Though her poetry and short stories had appeared in several national magazines prior to her marriage, Preston gave up her writing career in exchange for household duties. But with the onset of war, Preston again took to wielding her pen, this time to espouse the Southern cause through a series of Confederate nationalist verses. The death of Stonewall Jackson and of her stepson, her husband's dangerous military service, and the invasion of her home by Union troops all solidified for Preston the high personal cost of war and compounded her belief in the Confederate cause as just. Her most notable piece from this period is a long narrative poem, Beechenbrook: A Rhyme of the War, published in 1865.
After the war Preston saw in her writings an opportunity to validate the lost cause ethos of the former Confederacy and to propose expanded roles for women in reshaping Southern society. It is during this period, Klein notes, that Preston's works advanced in sophistication and captured a wide readership.
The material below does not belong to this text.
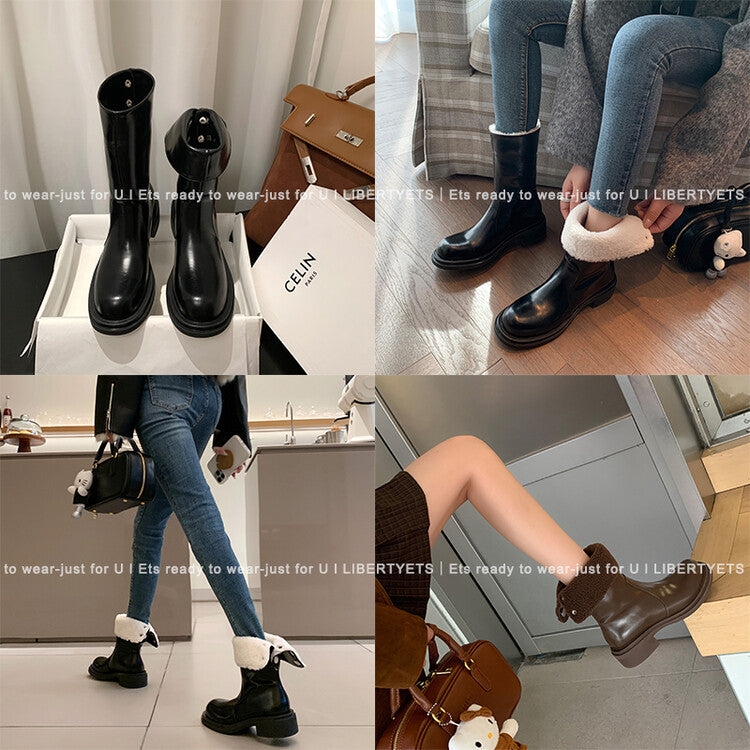 Karin Luna Classic Basic Style   Convertible Foldable Hidden Buckle Snow Fur Shoes Full cowhide Basic Flat Short Boots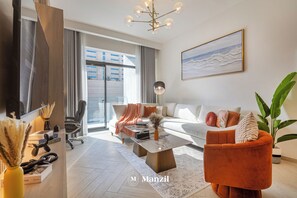 Departamento de lujo, balcón | Sala de estar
Preston's poems were often anthologized, and her essays and reviews were published in periodicals in both the North and South.
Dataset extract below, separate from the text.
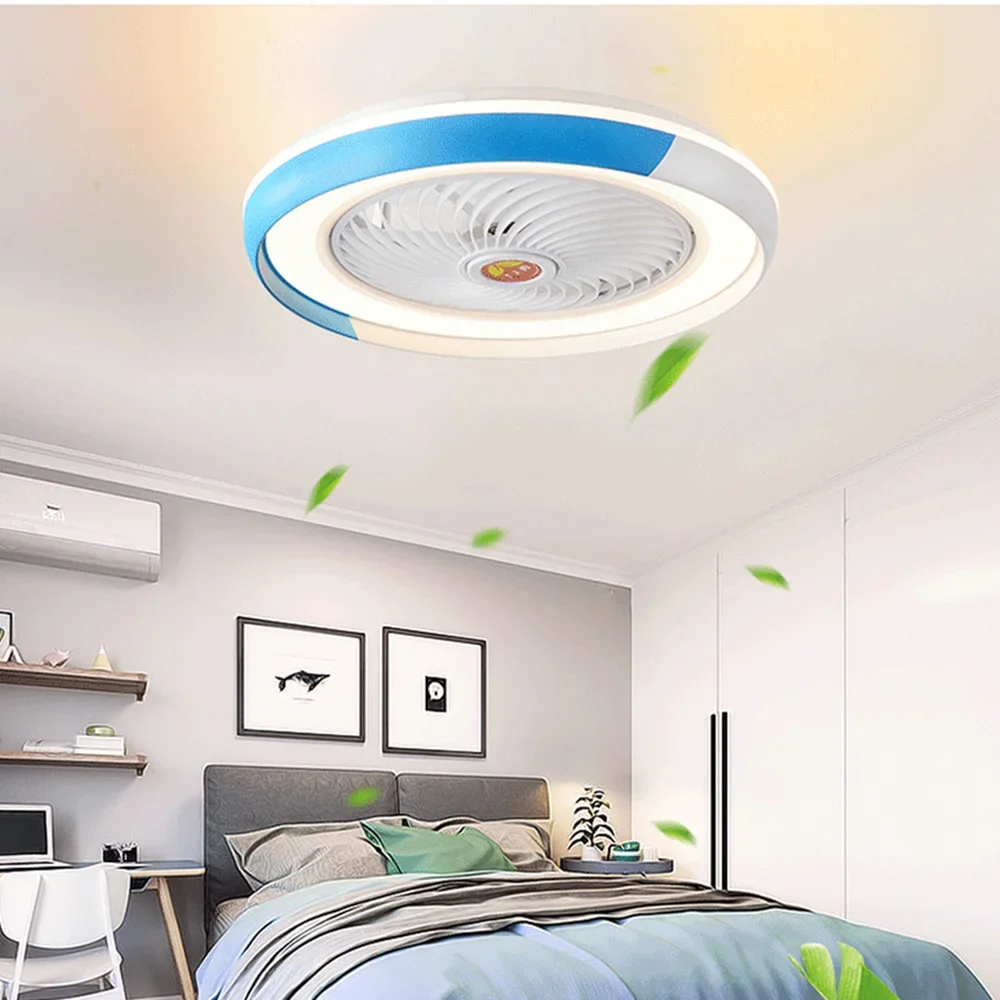 Imagem -03 - Ventilador de Teto Inteligente com Luzes Controle Remoto Luz Led Velocidades Lâmpada do Ventilador Air Cool Quarto Home Decor Dia50 cm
Klein offers here a point of entrance into understanding the stages of her subject's life and literary career—before, during, and after the Civil War—to illustrate how Preston's progressive and impassioned verses sought to give voice to loyalty, family, and femininity in a drastically and violently changing Southern cultural landscape.
A graduate of Duke University and the University of South Carolina, Stacey Jean Klein holds a Ph.D. in history from the University of Illinois at Urbana-Champaign.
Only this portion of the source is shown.